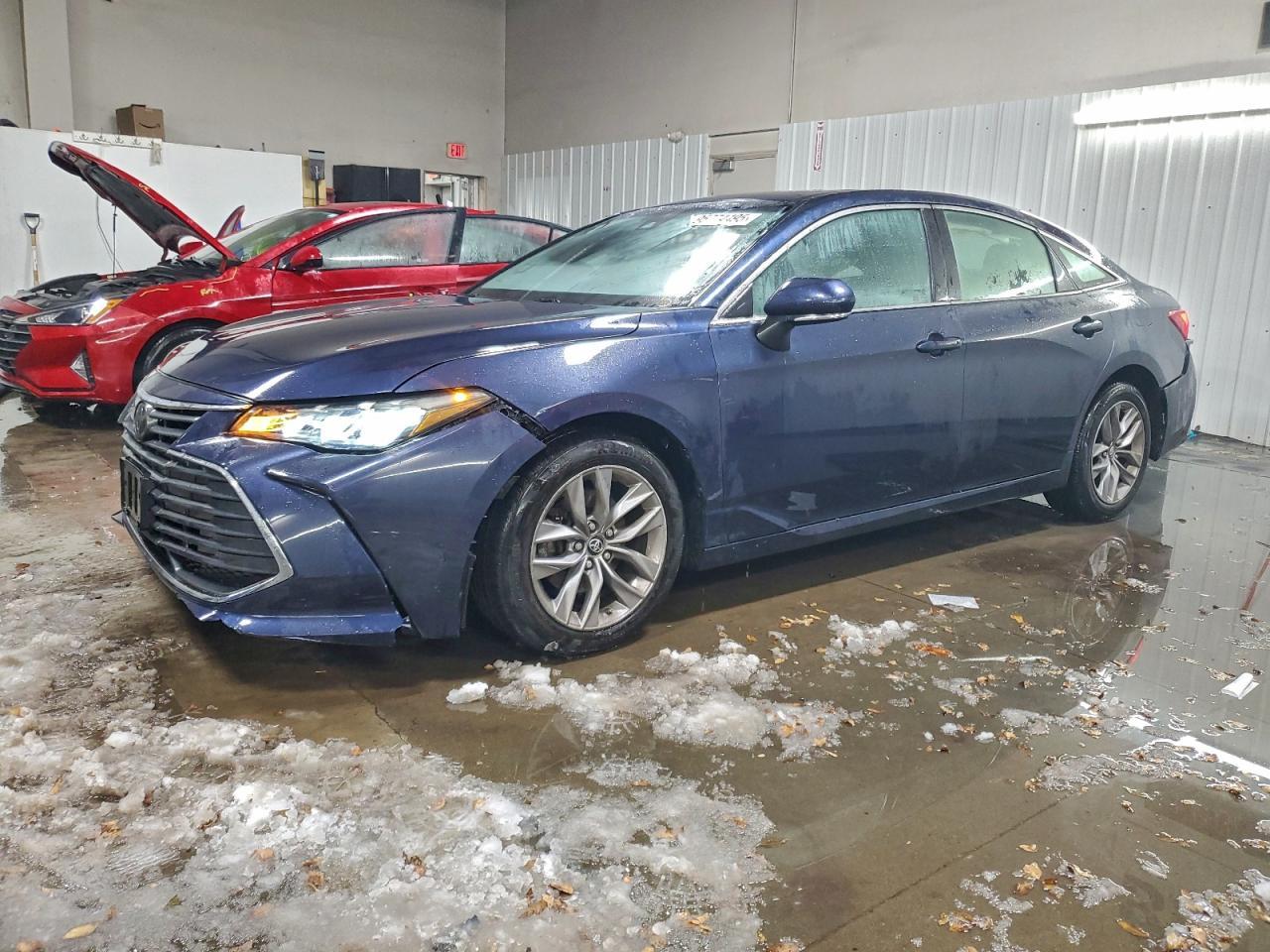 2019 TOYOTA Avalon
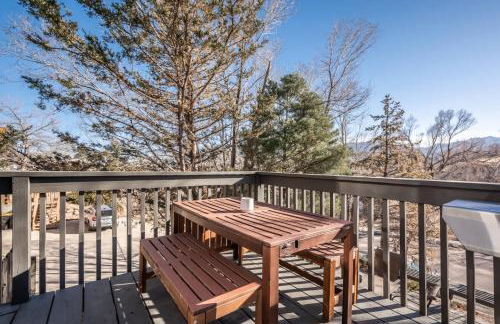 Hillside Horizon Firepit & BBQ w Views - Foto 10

--

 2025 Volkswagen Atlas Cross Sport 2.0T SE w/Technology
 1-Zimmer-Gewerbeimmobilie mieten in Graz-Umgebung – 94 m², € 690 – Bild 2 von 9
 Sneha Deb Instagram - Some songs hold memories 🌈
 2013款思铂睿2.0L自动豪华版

> **BRIEF**
Those lines of the records above that run from the one containing "2019 TOYOTA Avalon" through the one containing "Hillside Horizon Firepit" should be returned exactly, with no pictures among them.

> **WRITTEN RESPONSE**
 2019 TOYOTA Avalon
 Hillside Horizon Firepit & BBQ w Views - Foto 10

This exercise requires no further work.